Dataset records:

⁂

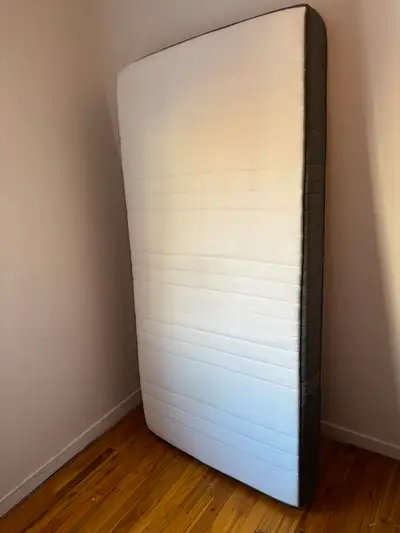 Single bed mattress - Matelas Lit simple, View more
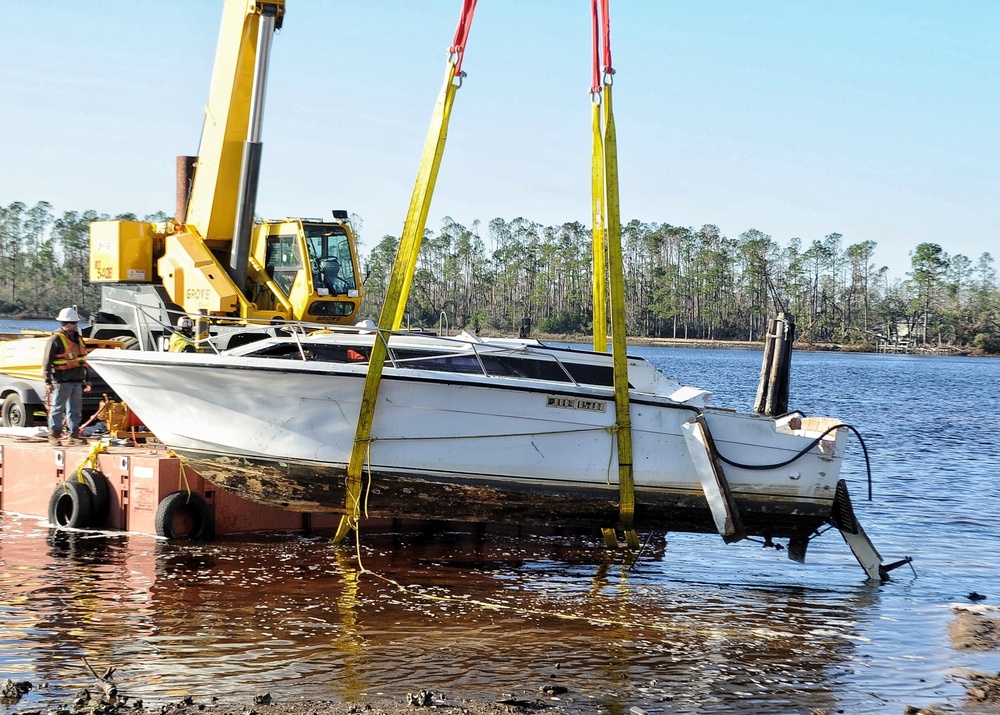Coast Guard and FWC begin vessel removal operations in Panama City, Fla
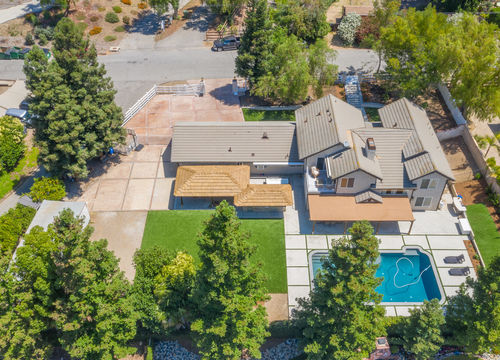 Agoura Hills, CA - YupSOLD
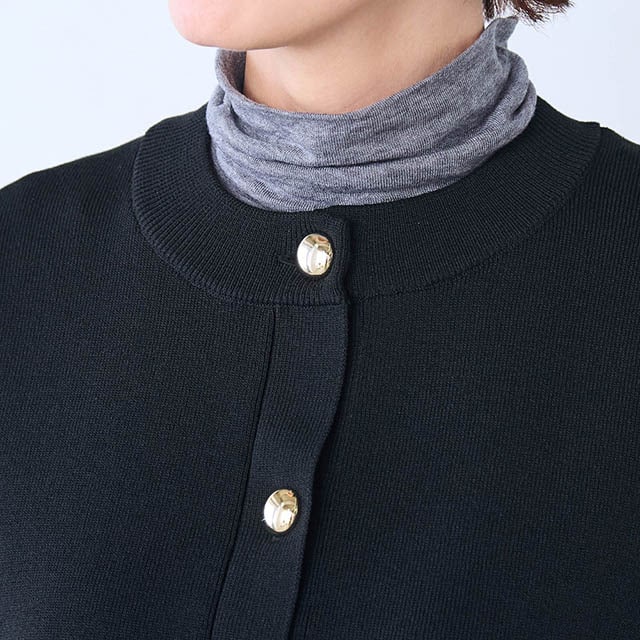 丸みのあるメタリックカラーのボタンがハンサムすぎず女性らしさを演出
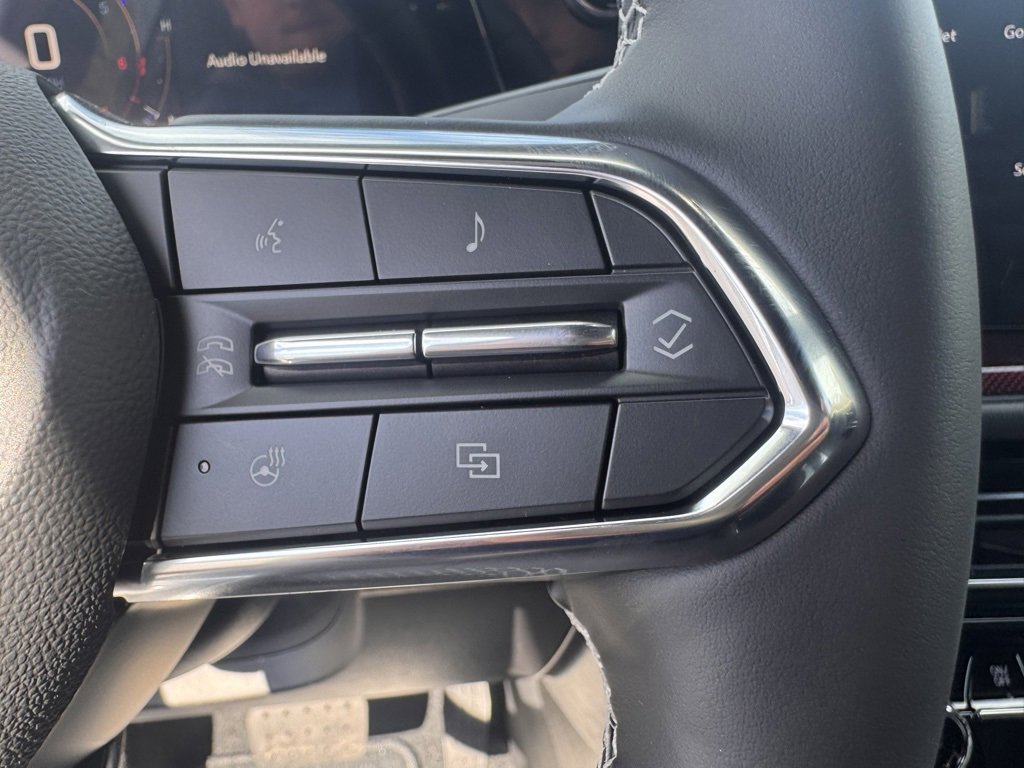 2026 Chevrolet Traverse Z71 photo 3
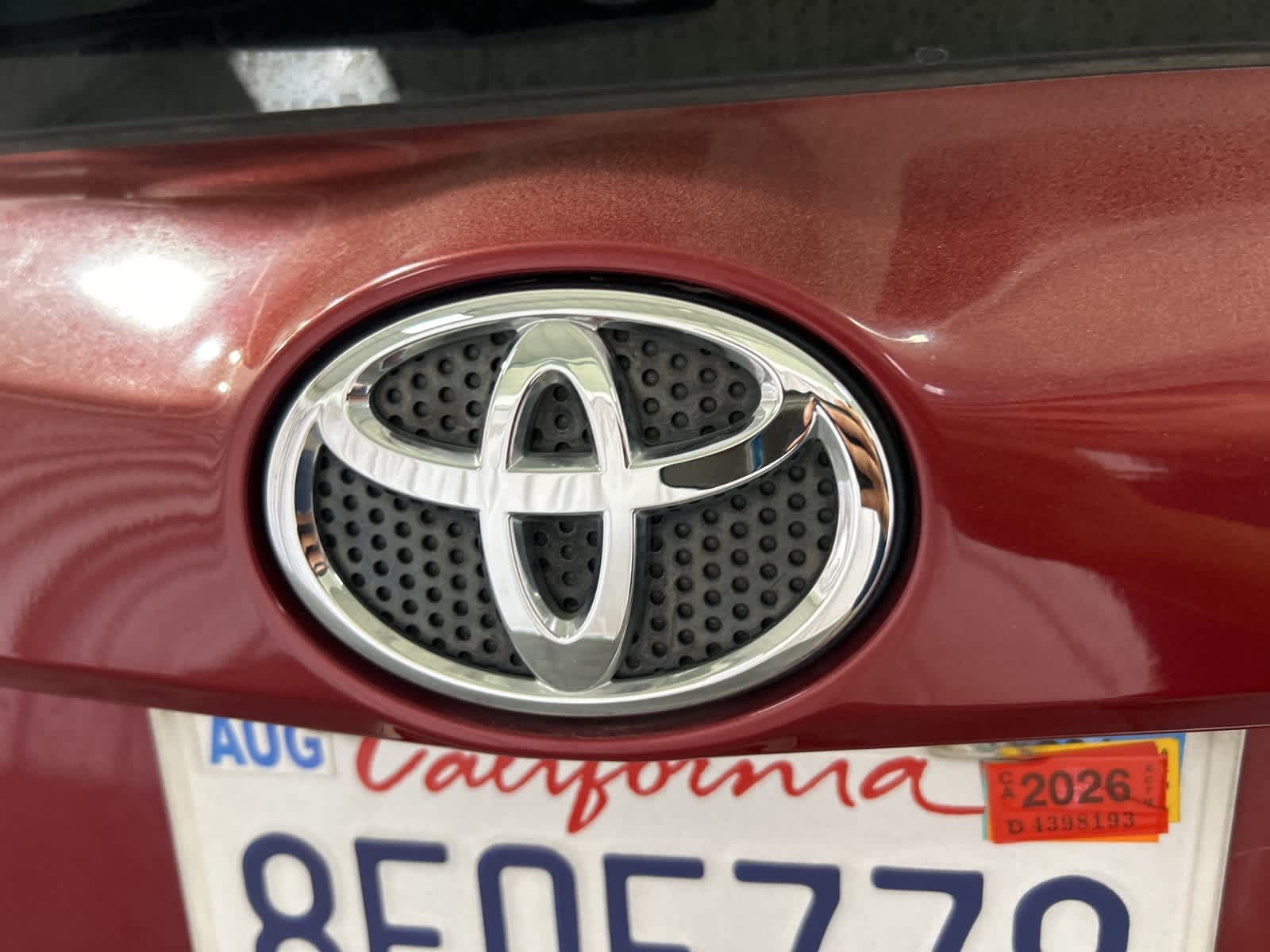 Thumbnail: 2018 Toyota RAV4 - 11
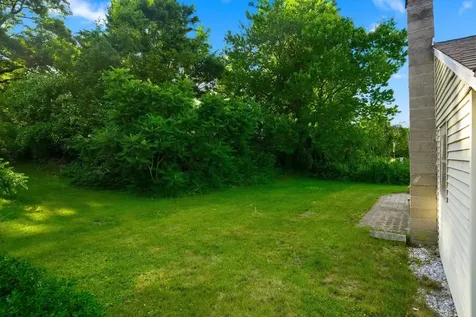 31 Hillside Avenue Derry NH 03038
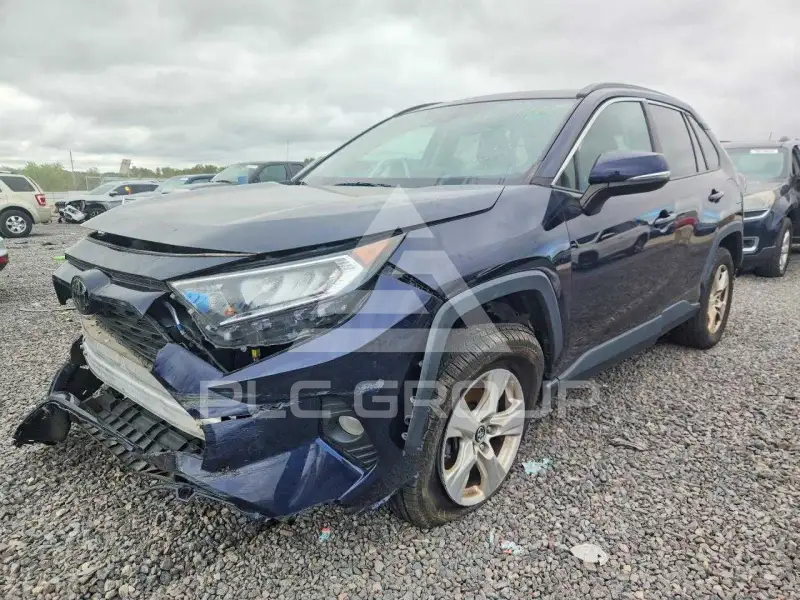 2019 Toyota RAV4 фото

⁂

Your goal:
Reproduce, with no pictures, the lines from the one containing "31 Hillside Avenue Derry NH 03038" to the end of the records above, exactly and inclusively.

Written reply:
 31 Hillside Avenue Derry NH 03038
 2019 Toyota RAV4 фото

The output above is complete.